Thankfully there is more than one country on earth and we actually have countless examples of this stuff working. Not everything that you’re not personally subject to has to be left to debating hypotheticals.
Except, it does. People worried about getting a fine will not chance a light on yellow. This is patently obvious for anyone that has ever driven in London (where I learned to drive).
Anyone that doesn't care about the fine (perhaps in a stolen car) may still do it, but they'd do it regardless.
Ah yes, the risk of small fines that is why people won't do dangerous things. Have we tried a £50 fine for murder?
Economist brain.
The problem is very simple: driving tests aren't hard enough, too many people have driving licences, and we don't retest people. In addition, enforcement of people driving without a licence is completely pathetic (as anyone who has driven in the UK can attest to, the stuff I have seen over the past few years is insane...obviously there is an underlying cause but if you see a clapped out hatchback, Just Eats bag in the front seat, P plates on the car, you know to steer well clear...as if the multiple dents on the car already didn't give it away).
Automatic enforcement of dumb low level stuff is supposed to free up police time for the more serious things. Whether that happens or not is a political decision. I remember the time before red light cameras in London, and the time afterwards, and the situation was much improved after they showed up.
I agree the driving test is too easy (though several orders of magnitude more difficult than in the US states I've had to do one in), and there is too little enforcement of otherwise dangerous behaviour.

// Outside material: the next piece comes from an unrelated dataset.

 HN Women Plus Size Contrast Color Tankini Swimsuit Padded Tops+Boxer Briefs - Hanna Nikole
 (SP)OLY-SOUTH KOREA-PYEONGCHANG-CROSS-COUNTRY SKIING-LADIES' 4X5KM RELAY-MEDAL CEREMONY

I don't think I mentioned anything wrong with automatic enforcement. I think the claim was that when confronted with a financial incentive, people who drive recklessly will stop driving recklessly. Would this be the case if we paid people £50/month to drive better?

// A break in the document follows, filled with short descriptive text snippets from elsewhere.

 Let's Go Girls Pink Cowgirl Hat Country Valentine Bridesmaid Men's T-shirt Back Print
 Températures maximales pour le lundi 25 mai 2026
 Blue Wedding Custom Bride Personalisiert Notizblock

It makes no sense at all. The problem in policy is generally that you have people talking past each other: speed limits are effective for people who are generally going to comply with them anyway, they are not intended to stop serious accidents. The majority of accidents are not caused by "accidents" (as most people on here would think them), they are caused by people who drive recklessly a huge proportion of the time and eventually have an accident.
Again, the solution to this is simple: do not give these people driving licences. In the UK, you can kill someone with your car driving recklessly and be out of jail in 18 months. And I don't think people realise this is true, or that this won't have been the first "near miss" for these people...it will have been months and years of doing stuff that will kill someone, and eventually killing them. How are they supposed to kill people with cars if they can't own a car?
They're sort of damned if they do and damned if they don't, aren't they? If they make traffic stops for speeding people will moan about how they're just trying to meet quotas or ask why they aren't going after "real criminals."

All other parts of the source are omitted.